The screw arrangement of twin-screw extruder is shown in Figure 1. The best combination of kneader and reversed blocks conducted the compound to proper dispersion and distribution of talc and EPDM particles in PP matrix. Arrangement of screw in a single-screw extruder was fully flighted without any mixing element.

Figure 1.

The screw profile of twin-screw extruder.

To prepare the sample specimens for various tests all compounds were pressed using Toyoseki, Japan into plaques at 200°C and 25 MPa.

Measurement and characterization

Tensile testing of the specimens was performed according to ASTM D-638 on an MTS (USA) material test machine, model 10/M with cross head speed 50 mm/min. ASTM method D-256 was followed in determining the Izod impact (Zwick: model 54-10) values. A Cambridge stereos can 360 scanning electron microscope (SEM) was used to investigate the cryogenically fractured surface morphology of the specimens. The elastomer particles of EPDM on the fracture surface were etched with n-heptane for 8 h.

Results and discussion

The time dependency of torque for two samples prepared by internal mixer is shown in Figure 2. For HPTE procedure, three peaks were observed, which reflected to the loading of PP, talc and EPDM respectively, while for HETP system there were only two peaks. As seen the torque becomes stable after 8 and 10 min for HEPT, HPTE respectively which indicates completion of mixing. The lower value for HETP may be attributed to pre-blending of EPDM and talc on two roll mill. The same value of the stabilization torque for HETP and HPTE (around 20 NM) indicates that this parameter has not been affected by various mixing sequences.

Figure 2.

Torque–time variation for the samples with different mixing sequense addition in Haake internal mixer.

The HETP system exhibited the highest peak torque when the PP was added to molten EPDM/talc.
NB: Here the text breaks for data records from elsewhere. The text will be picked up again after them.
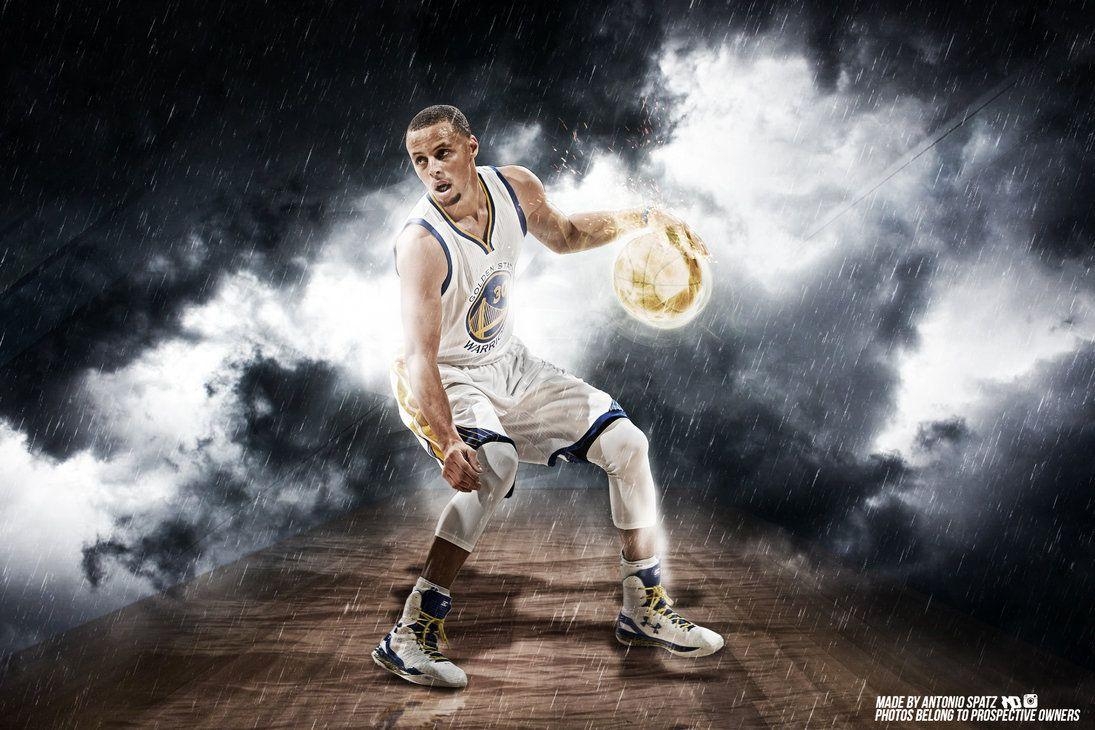 Stephen Curry, Basketball, Warriors, Hintergrund, Idol, 1100x730 HD Desktop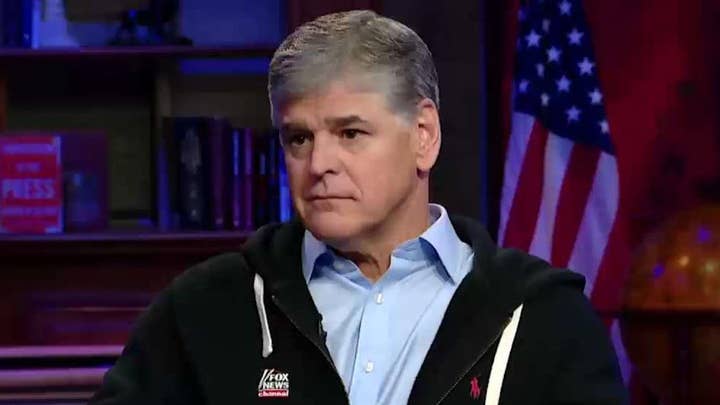Sean Hannity on media bias, Horowitz report findings and importance of 2020 election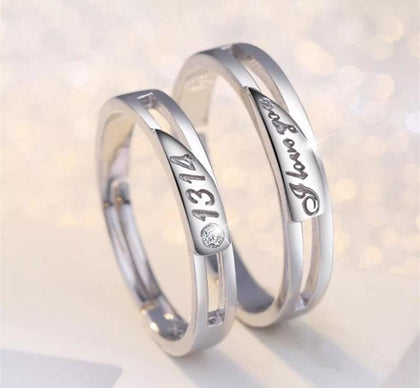 Anillos De Pareja 1314
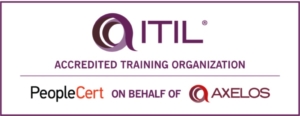 Accreditatielogo ITIL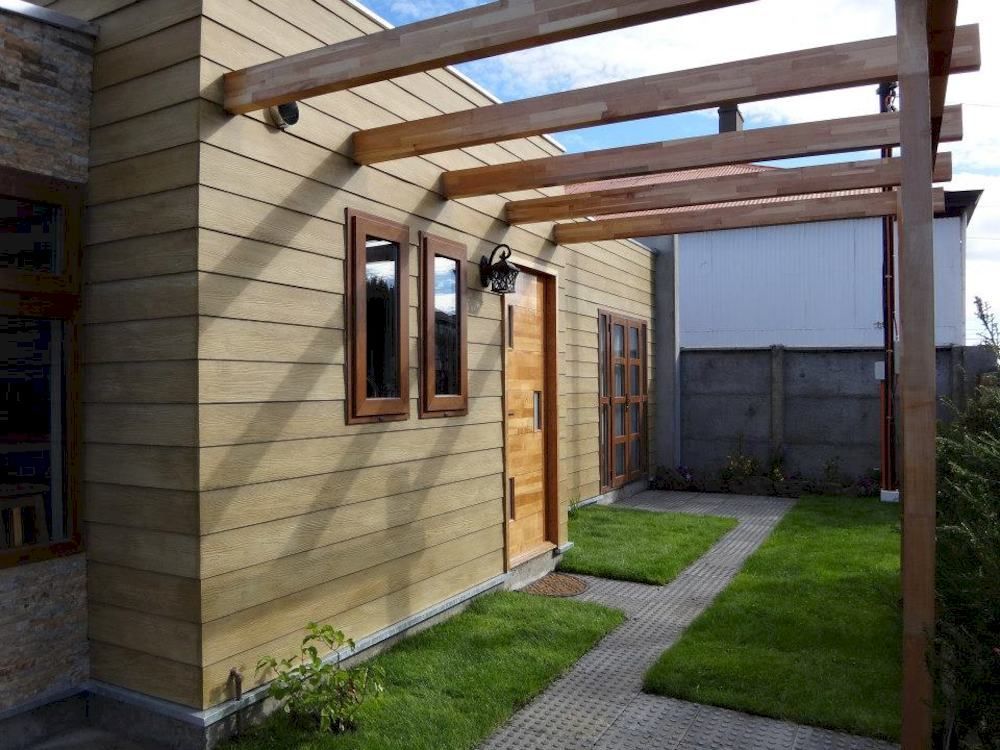 Shenu Patagonia Villa Punta Arenas Exterior foto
Since the PP is a hard material, this highest peak was unexpected. Another reason may be due to the charging of higher volume of material into mixing chamber within a very short period.

Figure 3 shows the torque-time variation for samples which obtained by twin-screw extruder. It is clear, there is no significant difference between torques which leads us to conclude that the pre-blending of PP/talc and EPDM/talc did not change the energy consumption of twin-screw extruder at the same output.

Figure 3.

Torque–time variation for the samples with different mixing sequence addition in a laboratory twin-screw extruder.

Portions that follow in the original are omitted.